というのも、自分の話をするのに、闘病、双子出産、離婚(シングルマザー)というコンテンツが、切り離せない話になっていて、どうしても長くなってしまうのだ。
そんなことを考えながらも、自分の経験の1つとなり、何か得られるのではと思い、本役を引き受けることとなった。
ヒューマンライブラリーの魅力を感じる
司会者として大勢の人前で話す事に慣れている私だが、少人数に対して話す事に慣れていない…
そういう意味で、当日初回は緊張だった。
話す内容については、考えれば考えるほど何を話して良いか分からないので、あらましを読んで、申し込んでいる読者に
「何が気になって申し込んでくださったのか」
を、聞いてその内容について話をすることにした。
ヒューマンライブラリーは、このようなスタイルで行われる
緊張していたとは思えない笑顔(笑)
どのような話に興味があるかを、聞いてからの進行は、私にはやりやすい手法であった。
この、聞きたい項目をヒアリングする事で、コミュニケーションが取れ、柔らかい空間が作れたと思う。

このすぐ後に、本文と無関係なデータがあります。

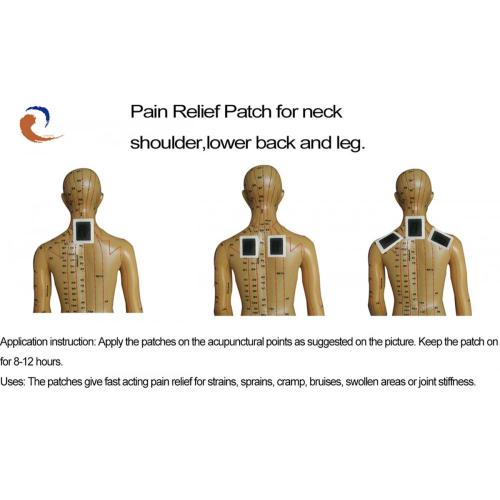 Ache Relief Patch cho vai cổ thấp hơn lưng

ヒューマンライブラリーは講演と違い、読者が受け入れてくれているのを、ダイレクトに感じる。
そういった意味では、新鮮な体験をさせてもらった。
自分は、そこまで感じていないと思っていた事が、人が聞くと
辛いこと
なんだということを知る。
日頃、自分が「辛い」と感じてる方は、いちど本役をして、自分の辛さを表現してみると
「自分はひとりじゃない」
と、感じられるのではと思う。
そんな、ヒューマンライブラリーを知ることができた、貴重な経験だった。
ヒューマンライブラリーをドンドン開催!
2018年『超福祉展』ヒューマンライブラリーの様子
この記事を書くまでに3回、本の役をさせてもらった。
その度に、ボランティアスタッフの方が
「自分の大学で実施したいので、勉強のためにスタッフ参加しました」
「英語の教科書で知って、どのようなものが興味があり参加したのですが、学校で企画したいと思いました」
と、自分の拠点での開催を考える方が、増えている気がする。
素晴らしいことと思いながら、その話を聞く。
ただ、まだまだヒューマンライブラリーを知らない人が多く、その上「本」として自分を語る事への抵抗を持つ方も多いようだ。
その理由として
「人前で話すのが苦手」
「自分の話は面白いのだろうか?」
というものが多いだろう。
でも、別に面白くなくて良いのだ。
こんな立場の人も居るんだ
という、気づきの場だから。
話すのが苦手なら、読者と会話形式にして話してもいと思う。
ぜひ「本役で話をして欲しい」と、オファーを受けたら、積極的に引き受けて欲しい。
その経験から、何か感じるものがあるはずと、私は思うから。
「本役」2回目となると、余裕な感じ(笑)
ぜひぜひ、この素敵なイベントをドンドン開催して欲しい。
そして、その機会に関わるチャンスがあったら、積極的に参加して欲しい。
ドンドン日本に広めていきましょう!
3回の「本役」を経験して
先日『第5回せたがやヒューマンライブラリー』が開催され「本役」を務めました。
この『せたがやヒューマンライブラリー』は、『東京ヒューマンライブラリー協会』が主催で、行われている。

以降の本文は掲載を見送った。